Il se murmure que dans son répertoire il y aura une version de "Tata Yoyo" en tchétchène ("du subversif ; c'est de la bombe") et "Senior Météo" dont les droits seront reversés aux victimes du réchauffement climatique. "Tous les chanteurs ont une cause, moi c'est les pingouins", ajoute avec pudeur le nouveau chanteur qui avait un moment pensé à aider les phoques, mais craignait que cela soit ambigu avec son image d'homme à femmes du polar : "Vous savez comment sont les gens. Un rien pour ricaner et j'entends déjà les calembours foireux ; tout cela ne m'aurait pas correspondu. J'ai toujours eu une certaine exigence".
Autre projet dans les cartons : "Peut-être un groupe si le cabaret solo ne prend pas : Crifo et ses Crifettes, mais on me dit que le pantalon moulant blanc brodé pattes d'eph' ne m'ira pas forcément, que ce serait une rupture trop brutale en terme de look. Surtout qu'avec, il n'y a que le peroxydé mini-vague qui conviendrait...".











(*) "Je ne vous en dis pas plus : c'est un hommage à une grande chanteuse et danseuse que j'ai bien connue à mes débuts dans le polar. Une tenue qui, par ailleurs, viendra confirmer une certaine rumeur sur mon compte qui circule dans les milieux féminins".

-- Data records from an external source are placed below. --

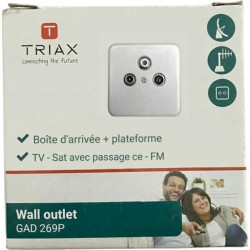 Triax GAD 269P Prise d'Arrivée TV / SAT / FM 3 Sorties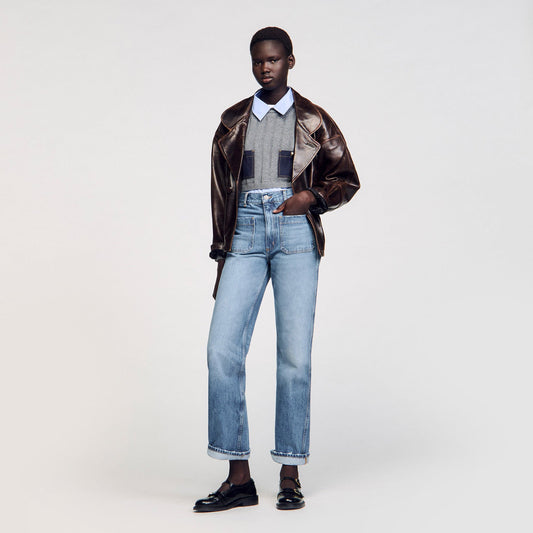 Flared faded jeans | Sandro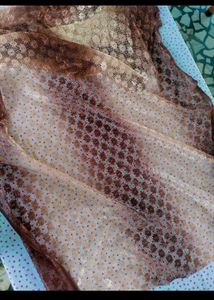 Embroidered Net Dupatta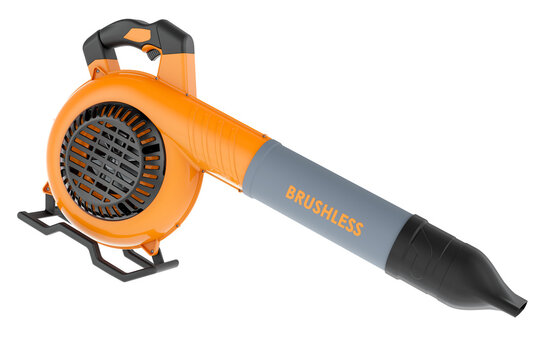 Electric Leaf Blower, 3D Rendering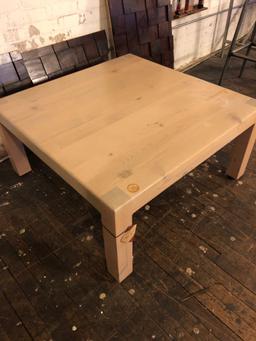 Approx 36 x 36 coffee table.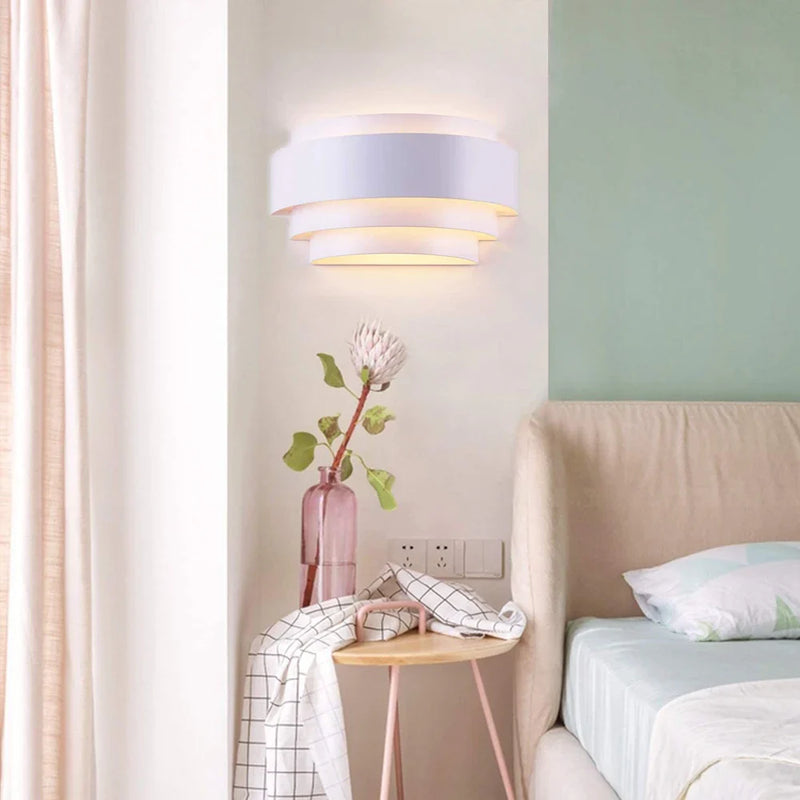 Axyaa Nordic LED Wall Sconce Indoor Lighting Fixture in Modern Style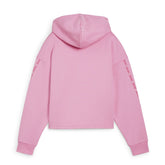 Felpa Donna Puma Ess Tape Rosa Malva | NonSoloSport
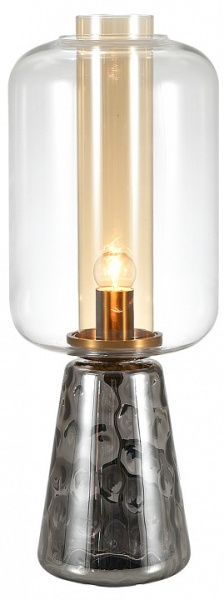 Настольная лампа декоративная Indigo Strego 11045/1T Smoke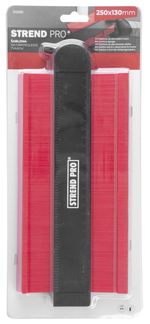 Contour Gauge Strend Pro DG681, 250x130 mm, with pattern lock and magnet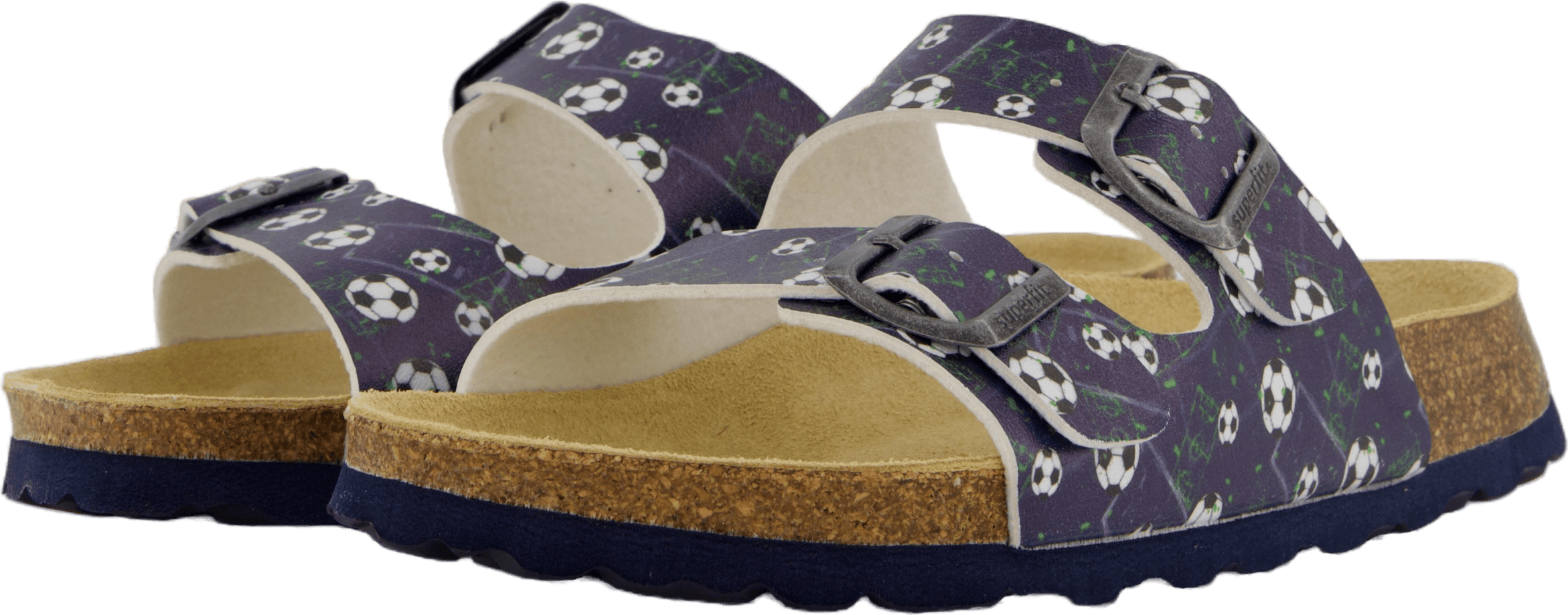 Fussbettpantoffel Blau/mehrfarbig - Bild 2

Patrick Raynal partage sa technique

Les revenus des auteurs diminuant depuis quelques années, il leur faut trouver de nouveaux moyens de subsistance. Toujours à la pointe de l'innovation, Patrick Raynal s'est lancé dans le "writer's live show performance extrem hardcore". En quoi ça consiste ? C'est une forme soudaine "d'intervention artistique créative et démonstrative" en salon, lors de laquelle l'écrivain montre, sans fard, comment il travaille, dans un souci de partage des "techniques accessibles à chacun".
Sur l'image suivante prise par Claude, un neveu de ta Tata hier 23 mai à Penmarc'h Patrick faisait une démonstration de sa méthode d'inspiration. "J'ouvre un bouquin, je lis quelques lignes, puis je le pose, et je me concentre, les yeux fermés. Ca vient vite", confie-t-il. "Il y a hélas après un effet bouche pâteuse, mais on s'accoutume. Faire avancer le schmilblick est à ce prix. Enfin, quand je demande des a-valoirs à des éditeurs ou des crédits aux banquiers, certains rechignent car forcément, ils se fient aux apparences et me disent que ce n'est pas du boulot. Mais sans doute est-ce d'avant-garde ; les mentalités finiront bien par évoluer".

Des débouchés pour les polars français invendus

Alors que ça pilonne sec en ce moment dans les maisons d'édition, l'écrivain Pierre Jourde écrit un texte sur le Bibliobs qui traite de la machine à broyer les livres, et de ce qu'on fait du papier récupéré... En fait, c'est recyclé, notamment en cartons à pizzas. Comme quoi rien n'est perdu, et bien des auteurs qui se plaignent de ne pas entrer dans les foyers ont tort : ils y pénètrent en moins de 30 minutes, et en plus par porteur spécial. Alors, de quoi se plaint-on ? 

Cette quatre fromage est offerte en accompagnement d'au moins 4 polars (d'après nos derniers bruits de couloirs)  : un côté Mizio, un côté Reboux. Le fond est composé d'un tirage trop élevé de Chattam et le couvercle est extrait d'un série complète d'une collection passée inaperçue du Masque.